(Short text fragments from websites)
----
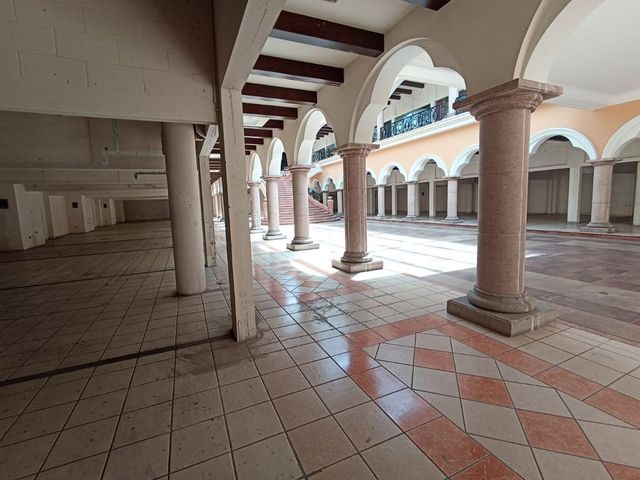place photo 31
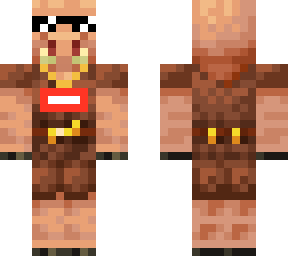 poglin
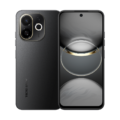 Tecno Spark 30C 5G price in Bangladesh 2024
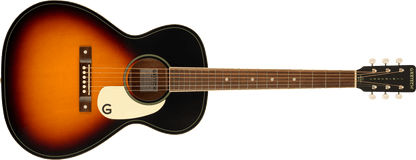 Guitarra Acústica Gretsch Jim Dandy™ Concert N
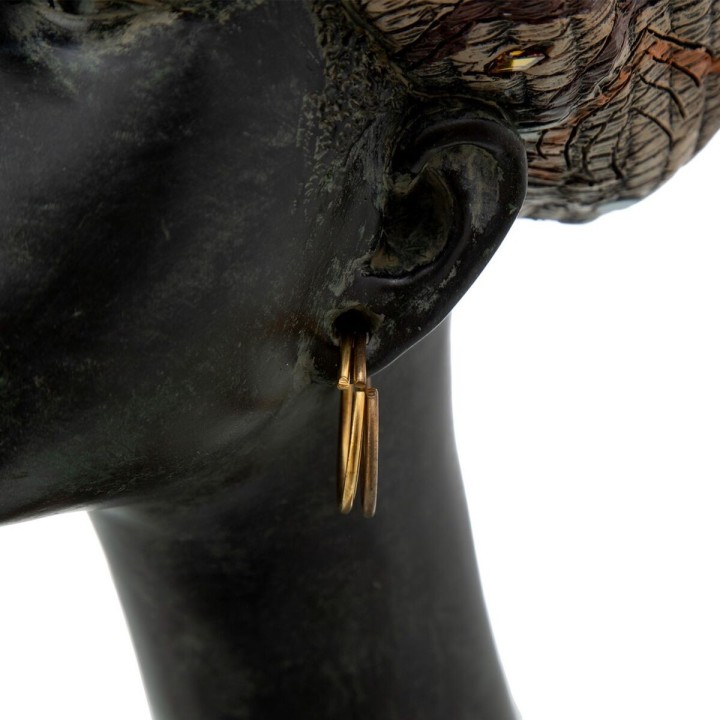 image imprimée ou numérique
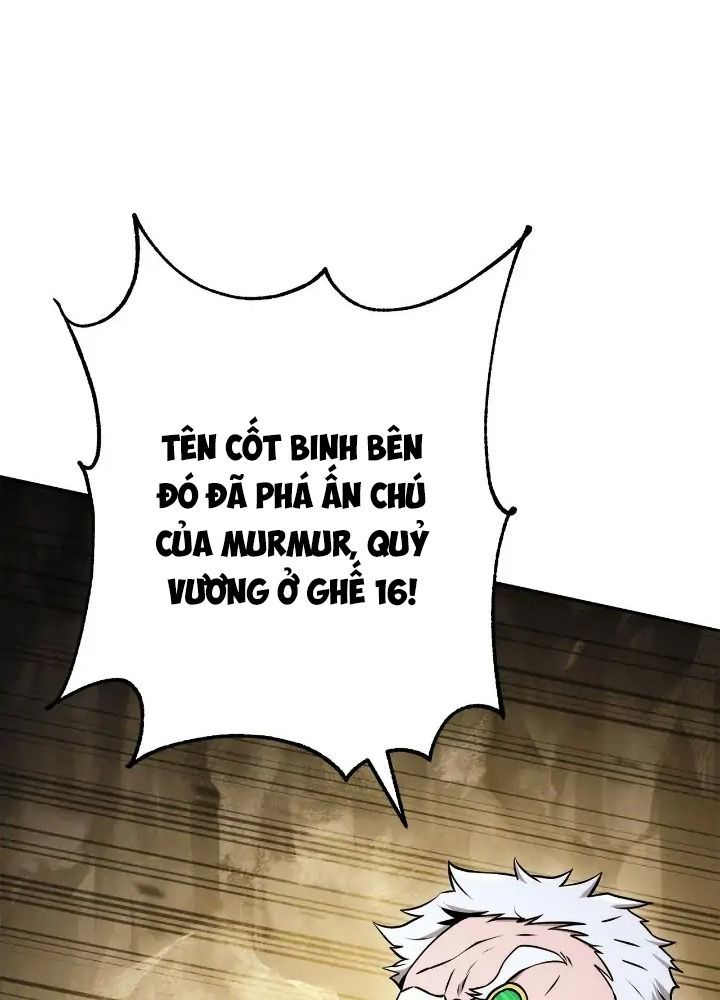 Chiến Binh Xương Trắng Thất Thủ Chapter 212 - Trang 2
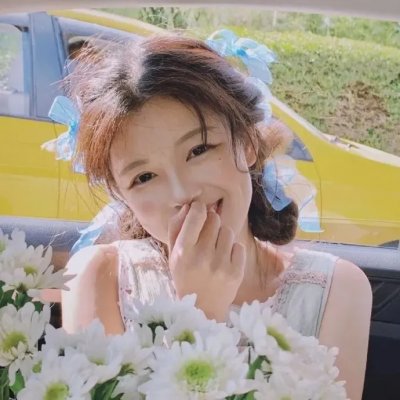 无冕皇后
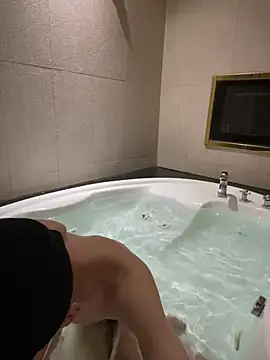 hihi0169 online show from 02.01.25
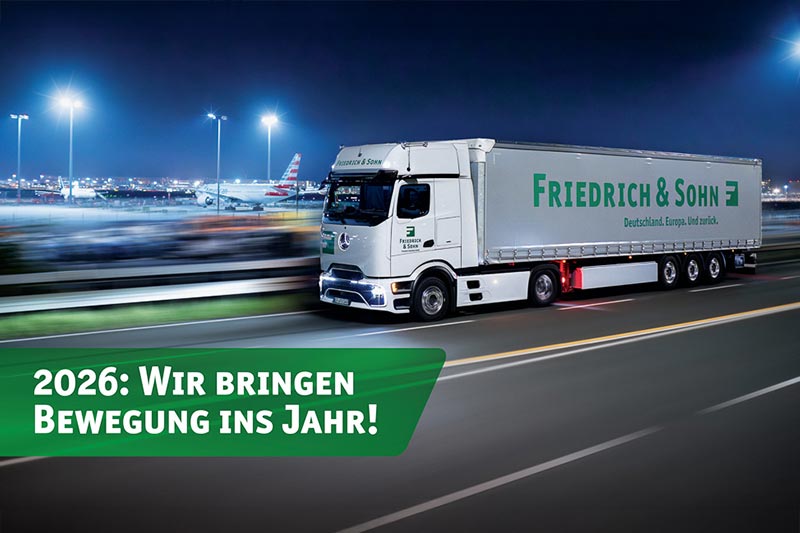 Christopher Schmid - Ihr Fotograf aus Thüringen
----
Your copy of the data above should match it exactly, apart from the images.

Response
place photo 31
 poglin
 Tecno Spark 30C 5G price in Bangladesh 2024
 Guitarra Acústica Gretsch Jim Dandy™ Concert N
 image imprimée ou numérique
 Chiến Binh Xương Trắng Thất Thủ Chapter 212 - Trang 2
 无冕皇后
 hihi0169 online show from 02.01.25
 Christopher Schmid - Ihr Fotograf aus Thüringen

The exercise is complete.